Your goal:
Leaving the images aside, transcribe all the data below exactly.

[Web page caption snippets]
···
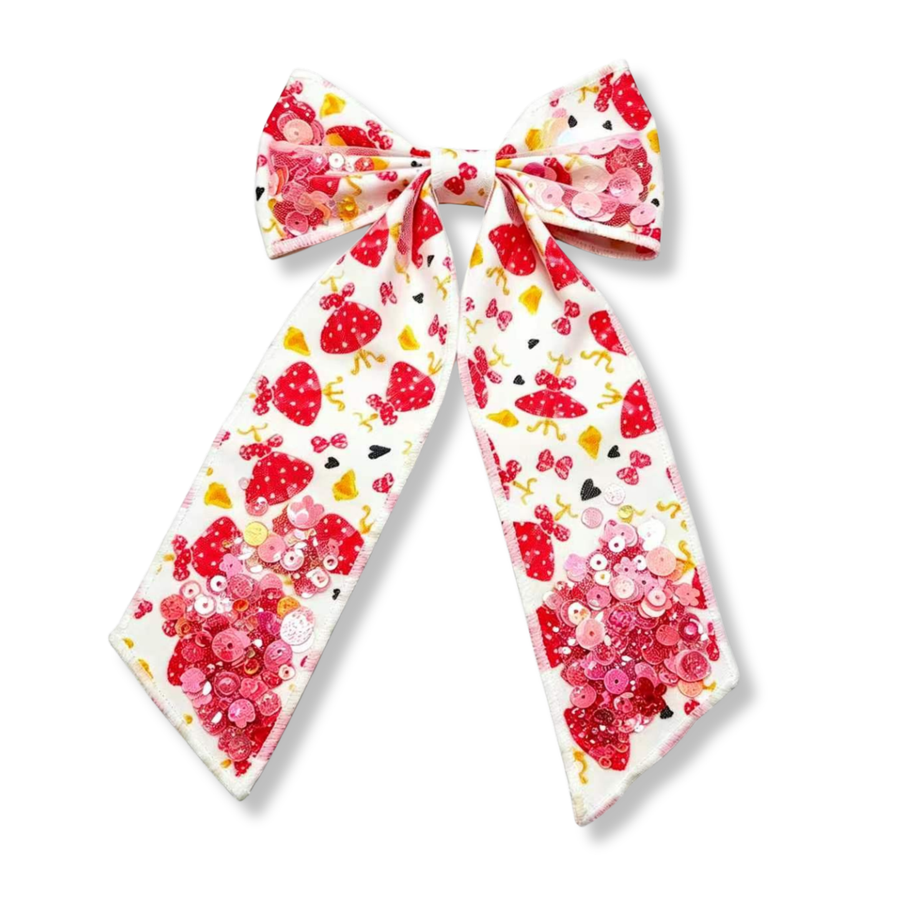 This elegant boutique bow features a white ribbon printed with red polka-dot dresses, bows, hearts, and coordinating character-inspired accents. Sparkling sequin clusters embellish the loops and tails, adding dimension and shine. Finished with long, classic tails and a matching center wrap, this bow combines playful charm with a touch of sparkle.
Bow Sizing 5" x 8.5"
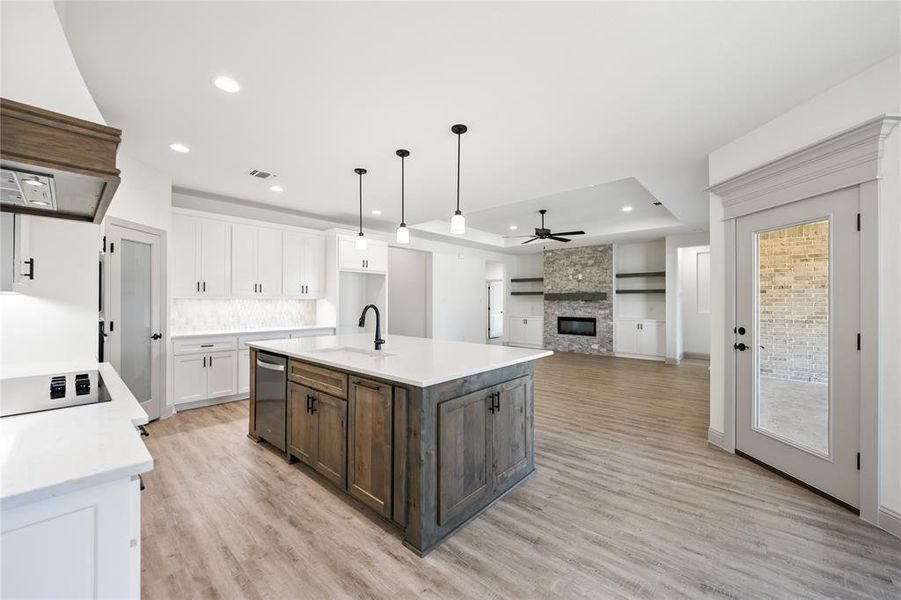 Kitchen with a stone fireplace, a kitchen island with sink, custom range hood, white cabinets, and light wood-type flooring
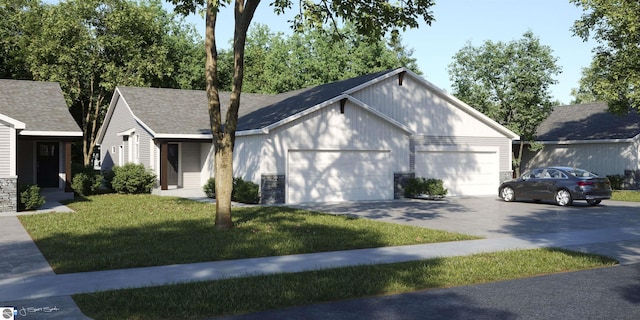 view of front of home featuring a front yard and a garage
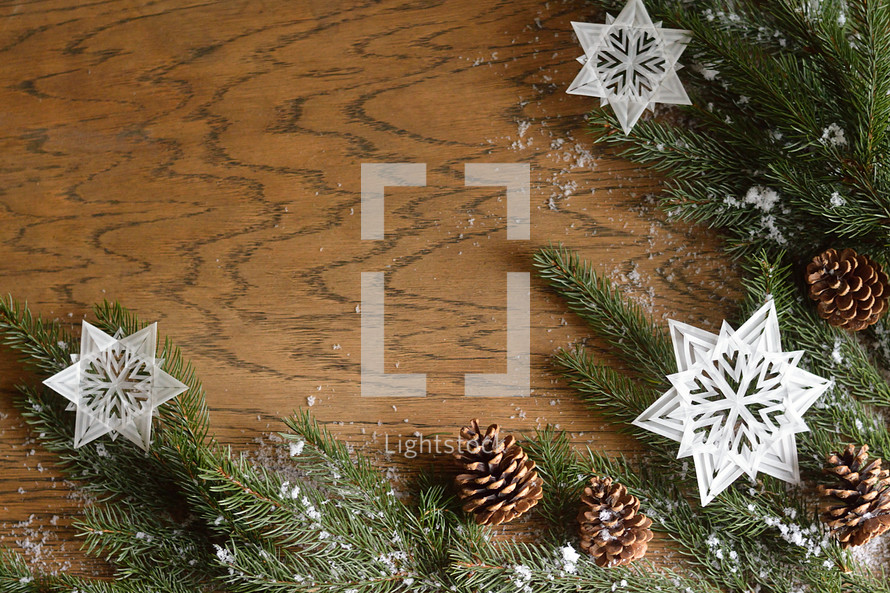 star ornaments, pine cones, and pine boughs 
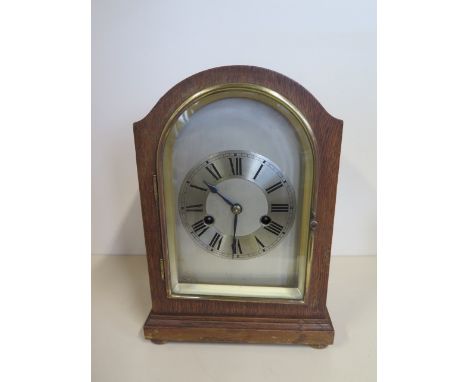 An 8 day oak case mantle clock, HAC movement, strikes hours/half - 29cm tall - working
···
Completed task:
 This elegant boutique bow features a white ribbon printed with red polka-dot dresses, bows, hearts, and coordinating character-inspired accents. Sparkling sequin clusters embellish the loops and tails, adding dimension and shine. Finished with long, classic tails and a matching center wrap, this bow combines playful charm with a touch of sparkle.
Bow Sizing 5" x 8.5"
 Kitchen with a stone fireplace, a kitchen island with sink, custom range hood, white cabinets, and light wood-type flooring
 view of front of home featuring a front yard and a garage
 star ornaments, pine cones, and pine boughs 
 An 8 day oak case mantle clock, HAC movement, strikes hours/half - 29cm tall - working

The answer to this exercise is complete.